SAFE Act Update

Posted by Robert H Irving on July 27th, 2010

The SAFE Act requires Mortgage Loan Originators to pass a written qualification test. The SAFE Act Mortgage Loan Originator Test consists of two components— a National Component and a unique State Component.

On July 30, 2009 NMLS released the National Test Component and 11 Unique State Test Components. In October, 2009 it deployed another seven State Components and then six more State Components in December, 2009. On January 4, 2010 the New Jersey State Test Component was released, and on February 22nd, so were an additional five unique State Components. On April 12th, another set of five state components became available, and on June 14th, seven more were released. This brings the total of state components available to 42. More will eventually be added.

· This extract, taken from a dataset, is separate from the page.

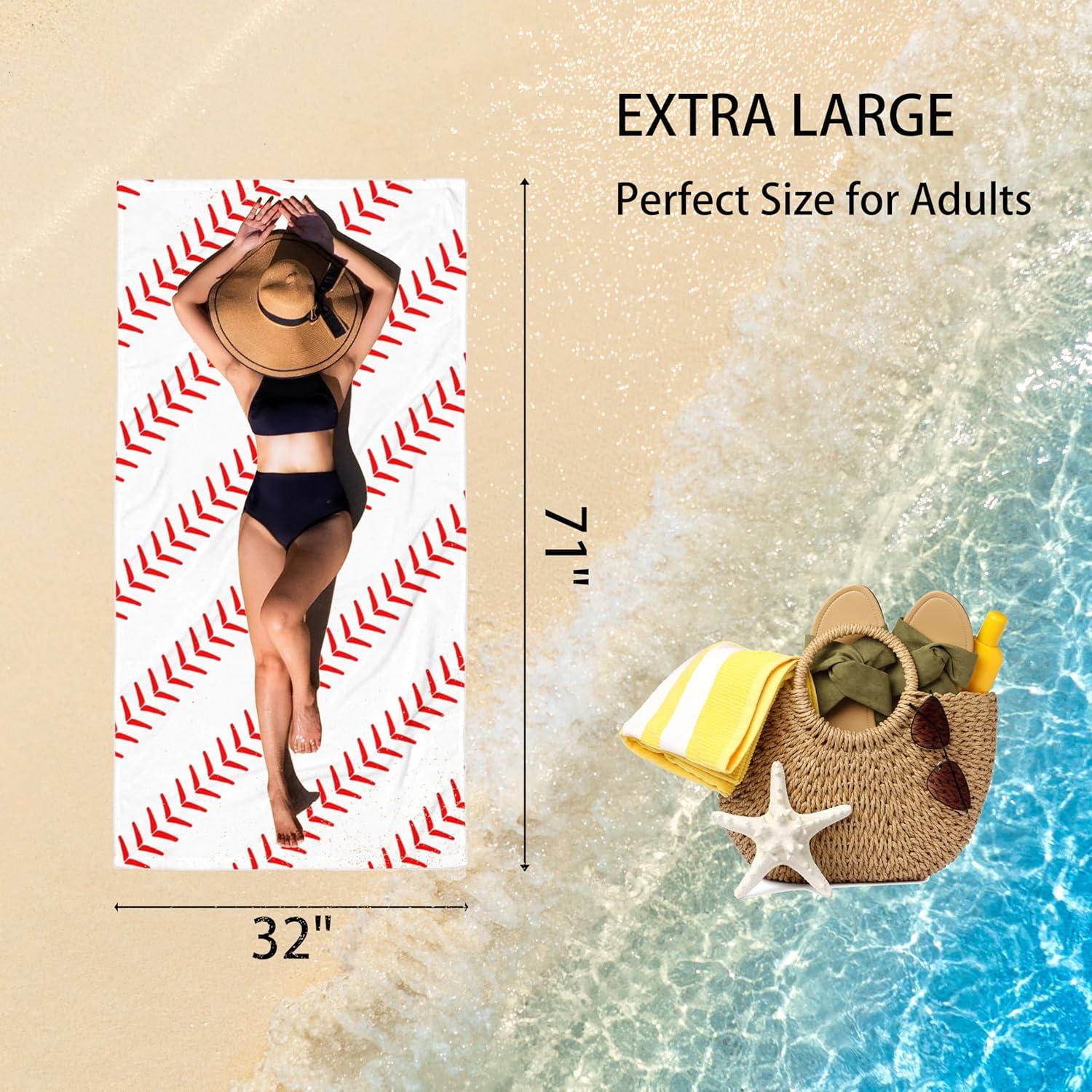 Toalla de Playa Grande QIUYELONG Microfibra Secado Rápido 180x81cm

From June 2009 to June 2010, about 76,000 loan originators sat for the National Component test. 71% passed on the first attempt. About 82,000 loan originators have also taken a State Component test. 80% passed on the first attempt.

For those who fail either test, a re-take may be scheduled after 30 days. Up to 3 re-takes may be completed before the originator is disqualified for six months. Approximately 44% of these test re-takers eventually pass the National Component and 61% eventually pass the State Component.

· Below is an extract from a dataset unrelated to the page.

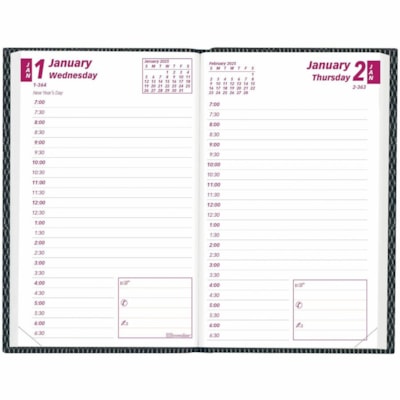 Brownline Traditional Daily Pocket Diaries - Daily - 1 Year - January 2025 to December 2025 - 7:00 AM to 6:30 PM - Half-hourly - 1 Day Single Page Layout - 2 7/8" (73.03 mm) x 4 3/4" (120.65 mm) Sheet Size - Assorted - Pocket, Flexible, Reference Calendar, Notepad - 1 Each  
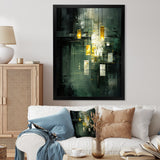 Designart "Sudden Serenity Abstract Retro Emerald And Gold" Abstract Painting Framed Canvas Prints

NOTE: My score on the Massachusetts Component was 92%, New Hampshire Component 93% and National Component 85%… all on the first try. Maine, the third state where I am licensed, has not yet deployed a State Component test.

Find Details About Your Reverse Mortgage Loan Officer

To retrieve information related to any registered reverse mortgage loan officer, simply enter their unique Nationwide Mortgage Licensing System & Registry (NMLS) number here. Test scores are not available to you at this NMLS Consumer Access site but at least you will know if the loan officer you are working with is licensed or registered in your state. If not registered or licensed, consider seriously if you really want to do business with this person who has not been vetted by your state regulators. A reverse mortgage is a big financial decision and it is imperative that you deal only with a reliable individual. Don’t gamble your home with someone you know nothing about.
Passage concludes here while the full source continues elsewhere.